Il caso italiano fa emergere ancora una volta, le debolezze del progetto di Unione Bancaria, un processo di regolamentazione complesso e non ancora ultimato, ma che aspira a controllare un universo sofisticato e in continua evoluzione come quello della finanza. Negli anni le regole sono aumentate fino ad arrivare ad un mosaico di regolamentazione difficile da decifrare e da applicare. Così si ha la sensazione che gli sforzi degli esperti di Strasburgo non sono in grado di affrontare seriamente questioni che si trascinano dall’inizio della crisi. Come la necessità di separare le attività bancarie utili al finanziamento dell'economia reale dalle attività di speculazione, limitare i mega compensi ai manager, migliorare i sistemi di governance ancora poco trasparenti e limitare la propensione delle banche ad assumersi rischi eccessivi. Per dirla in breve la ristrutturazione del sistema bancario è stata affidata al bail in perché ciò che conta è far credere ai cittadini che è finita l'era degli "espropri" di soldi pubblici per salvare gli istituti di credito, in particolare le banche cosiddette "troppo grandi per fallire". Banche che comunque, a dispetto dei tentativi di smantellarle, continuano a espandersi. Il settore bancario europeo non è masi stato cosi concentrato come lo è oggi.
Il salvataggio delle banche italiane ha dimostrato come i presidi di capitale imposti dalle nuove regole abbiano incentivato le banche a mettere in campo pratiche scorrette di raccolta del pubblico risparmio, oltre ad escogitare nuove manovre per aggirare le regole.

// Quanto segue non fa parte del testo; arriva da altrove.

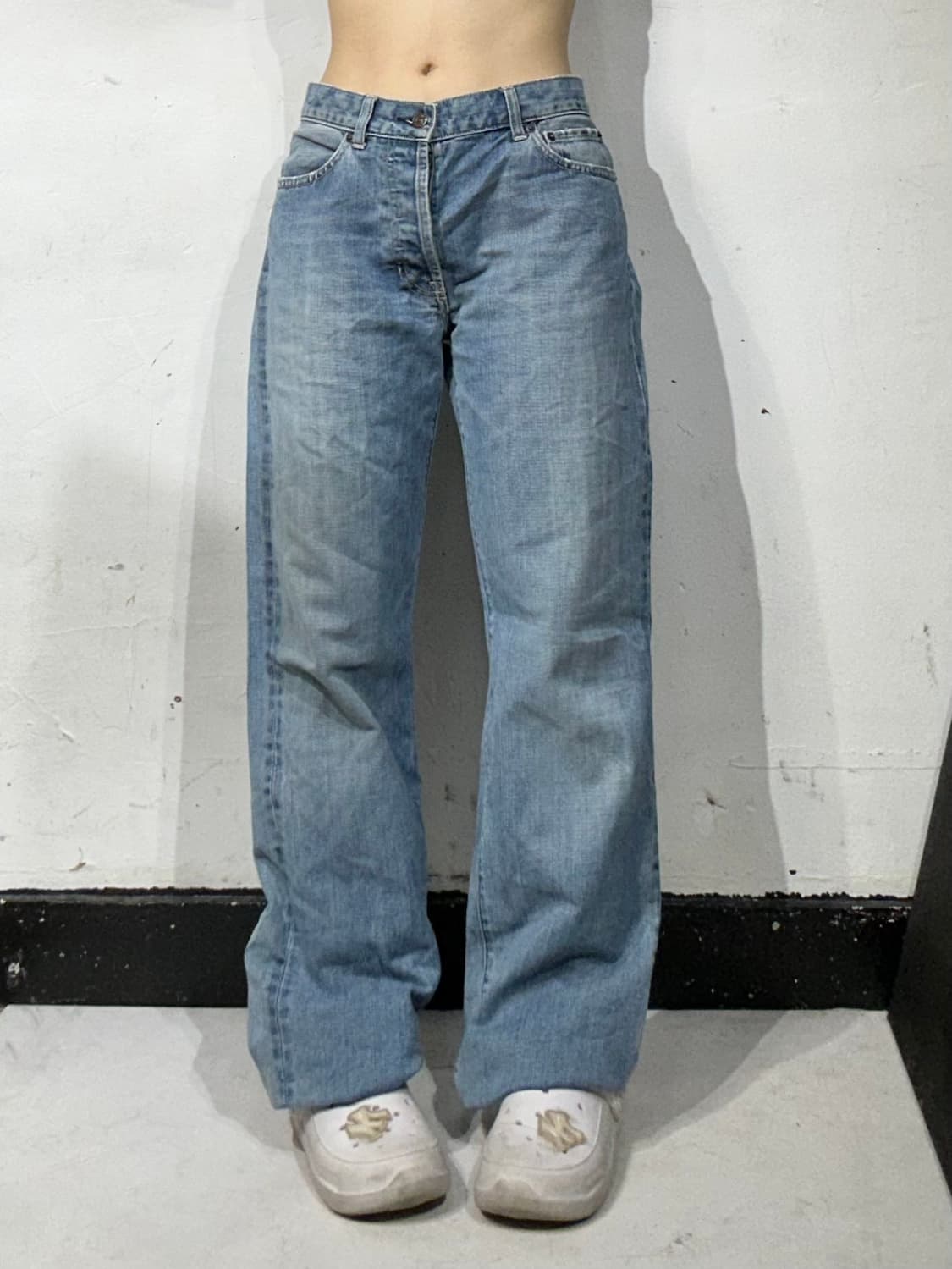 갭 부츠컷 와이드 연청 바지 데님 팬츠  상품이미지2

Quasi la metà delle obbligazioni subordinate, titoli bancari ad alto rischio, delle 4 banche, pari a 340 milioni su 768, è finita infatti nelle tasche dei piccoli risparmiatori, invece che sugli investitori istituzionali. Questo perché il capitale continua infatti ad essere l’elemento centrale della disciplina di vigilanza al fine di costringere le banche ad adottare comportamenti meno spregiudicati. Tutto è iniziato con i nuovi requisiti patrimoniali imposti da Basilea 3, entrato in vigore nel 2014, regole che stabiliscono la quantità di denaro che una data banca deve avere a disposizione nel caso i mercati dovessero prendere una brutta piega.
Il fondo di solidarietà, o altro intervento allo studio del governo italiano, potrà, forse, aiutare chi ha perso tutti i suoi risparmi con il salvataggio delle banche, ma getta una luce sinistra sul futuro rapporto tra banche e società civile.